[Stored data entries]
○ ○ ○ ○ ○ ○ ○

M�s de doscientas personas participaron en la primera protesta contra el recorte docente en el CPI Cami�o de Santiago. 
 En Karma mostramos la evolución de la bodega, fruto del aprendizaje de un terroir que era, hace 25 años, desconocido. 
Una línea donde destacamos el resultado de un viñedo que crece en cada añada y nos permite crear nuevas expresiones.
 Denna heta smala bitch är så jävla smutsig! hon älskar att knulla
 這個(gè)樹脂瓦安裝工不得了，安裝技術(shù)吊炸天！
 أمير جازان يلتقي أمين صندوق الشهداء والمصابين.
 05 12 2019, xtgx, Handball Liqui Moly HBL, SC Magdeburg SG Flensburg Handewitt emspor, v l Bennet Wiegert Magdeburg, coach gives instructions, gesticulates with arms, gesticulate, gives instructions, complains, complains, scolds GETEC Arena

○ ○ ○ ○ ○ ○ ○

AIM OF THE TASK => Return all of the entries word for word.

REPLY TO THE EXERCISE =>
M�s de doscientas personas participaron en la primera protesta contra el recorte docente en el CPI Cami�o de Santiago. 
 En Karma mostramos la evolución de la bodega, fruto del aprendizaje de un terroir que era, hace 25 años, desconocido. 
Una línea donde destacamos el resultado de un viñedo que crece en cada añada y nos permite crear nuevas expresiones.
 Denna heta smala bitch är så jävla smutsig! hon älskar att knulla
 這個(gè)樹脂瓦安裝工不得了，安裝技術(shù)吊炸天！
 أمير جازان يلتقي أمين صندوق الشهداء والمصابين.
 05 12 2019, xtgx, Handball Liqui Moly HBL, SC Magdeburg SG Flensburg Handewitt emspor, v l Bennet Wiegert Magdeburg, coach gives instructions, gesticulates with arms, gesticulate, gives instructions, complains, complains, scolds GETEC Arena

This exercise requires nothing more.